To prepare the LB agar plates used during this thesis, 18 g/l Agar-Agar was added to freshly prepared (not autoclaved) LB medium and autoclaved. If a selection for antibiotic resistance of transformed bacteria was required, one of the following antibiotics was added to the LB agar after autoclaving:
• Ampicilline 100 µg/ml
• Kanamycine 50 µg/ml
The medium was then poured into Petri dishes and stored at 4°C.
Table 3-4 NZYM (NZY) pH 7.5 (Blattner et al. 1977; Sambrook et al. 1989) Contents Weight/
Volume Manufacturer
NZ-Amine 10.0 g/l Sigma Aldrich Chemie GmbH, Steinheim, D
Yeast extract 5.0 g/l Select Yeast Extract Sigma Aldrich Chemie GmbH, Steinheim, D
NaCl 5.0 g/l C. Roth & Co. GmbH, Karlsruhe, D
Above ingredients were autoclaved for 20 min at 121°C, before addition of 2 M MgSO4 4.0 ml/l
Traditionally, the E. coli host for lambda phages is grown on a NZY medium. This medium is not as rich as LB medium, and E. coli growth is slower, making it less likely that E. coli will overgrow the phage.

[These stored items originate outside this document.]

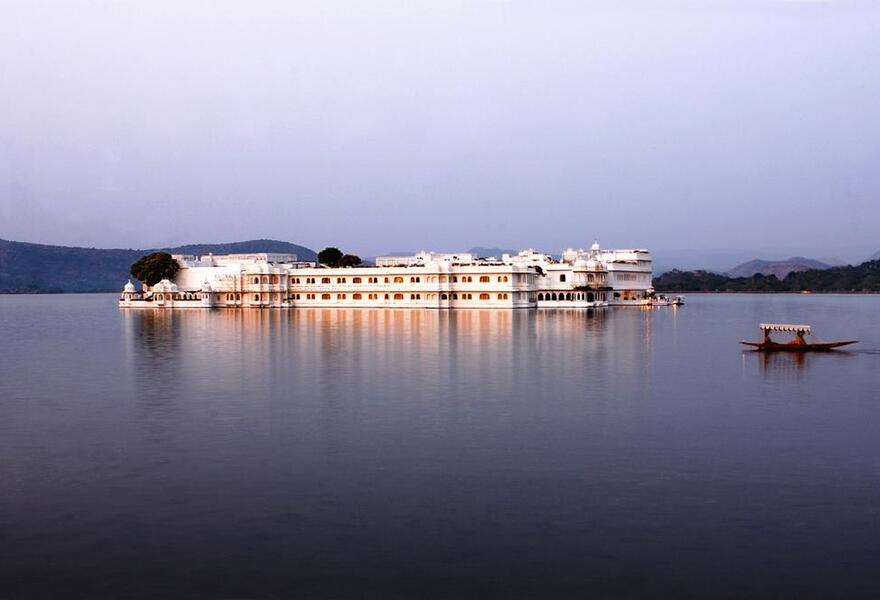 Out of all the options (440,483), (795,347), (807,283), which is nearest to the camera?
(440,483)

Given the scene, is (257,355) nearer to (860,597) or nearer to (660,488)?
(660,488)

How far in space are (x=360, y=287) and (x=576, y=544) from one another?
81053mm

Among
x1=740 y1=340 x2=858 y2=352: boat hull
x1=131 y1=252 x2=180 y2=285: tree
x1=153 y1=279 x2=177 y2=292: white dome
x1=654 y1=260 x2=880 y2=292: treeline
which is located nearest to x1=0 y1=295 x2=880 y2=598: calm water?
x1=740 y1=340 x2=858 y2=352: boat hull

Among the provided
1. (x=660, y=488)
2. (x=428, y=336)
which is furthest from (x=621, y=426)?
(x=428, y=336)

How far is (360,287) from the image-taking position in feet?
302

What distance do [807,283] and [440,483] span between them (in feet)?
604

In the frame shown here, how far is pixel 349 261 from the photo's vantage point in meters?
113

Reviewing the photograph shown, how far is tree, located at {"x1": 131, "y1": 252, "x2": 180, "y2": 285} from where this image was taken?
9825cm

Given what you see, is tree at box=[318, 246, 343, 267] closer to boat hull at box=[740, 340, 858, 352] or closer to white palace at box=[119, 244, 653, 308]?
white palace at box=[119, 244, 653, 308]

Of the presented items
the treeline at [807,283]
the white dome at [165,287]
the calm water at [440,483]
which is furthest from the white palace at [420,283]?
the treeline at [807,283]

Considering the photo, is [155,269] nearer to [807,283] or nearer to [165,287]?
[165,287]

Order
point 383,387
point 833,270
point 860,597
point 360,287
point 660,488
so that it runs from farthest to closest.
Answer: point 833,270 → point 360,287 → point 383,387 → point 660,488 → point 860,597

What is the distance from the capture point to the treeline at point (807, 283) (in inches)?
7047

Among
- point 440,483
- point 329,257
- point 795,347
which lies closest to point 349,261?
point 329,257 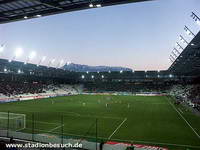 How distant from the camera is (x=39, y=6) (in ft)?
38.9

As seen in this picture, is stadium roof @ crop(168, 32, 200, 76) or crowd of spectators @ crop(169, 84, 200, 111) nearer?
stadium roof @ crop(168, 32, 200, 76)

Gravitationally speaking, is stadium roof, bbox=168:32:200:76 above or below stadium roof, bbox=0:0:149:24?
above

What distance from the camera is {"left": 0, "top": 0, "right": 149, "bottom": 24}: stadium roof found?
11.0 metres

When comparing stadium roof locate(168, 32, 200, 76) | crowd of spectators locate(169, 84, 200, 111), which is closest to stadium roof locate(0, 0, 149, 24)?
stadium roof locate(168, 32, 200, 76)

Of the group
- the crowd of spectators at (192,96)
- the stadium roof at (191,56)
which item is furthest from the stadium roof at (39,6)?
the crowd of spectators at (192,96)

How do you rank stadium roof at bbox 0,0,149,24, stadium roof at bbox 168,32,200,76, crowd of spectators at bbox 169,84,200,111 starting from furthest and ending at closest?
crowd of spectators at bbox 169,84,200,111 < stadium roof at bbox 168,32,200,76 < stadium roof at bbox 0,0,149,24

During this thesis, NZY medium was used to prepare TopAgar for phage lysates. TopAgar was prepared as follows: 0.7%, agarose (Carl Roth GmbH + Co, Karlsruhe, D) was mixed with NZY-medium and autoclaved. If required, TopAgar was reheated several times in the microwave oven. For a description of the subsequent plating procedure, see chapter 3.5.
For cultivation of all fungi besides Botrytis fabae and Ascochyta fabae, malt extract was used:
Table 3-5 Malt Extract
Contents Weight/ Volume Manufacturer
Malt extract 30.0 g/l Biomalt, Gesundprodukte, Kirn D
Malt extract is a rich medium for fungal growth and stock culture preparation. If not otherwise mentioned, all fungi used for further DNA preparation were grown using malt extract in liquid culture (20°C, 80 rpm, up to one week). Malt extract was also used for infiltration experiments with Botrytis fabae in a dilution of 1/1’000 to stimulate pathogenesis of this fungus.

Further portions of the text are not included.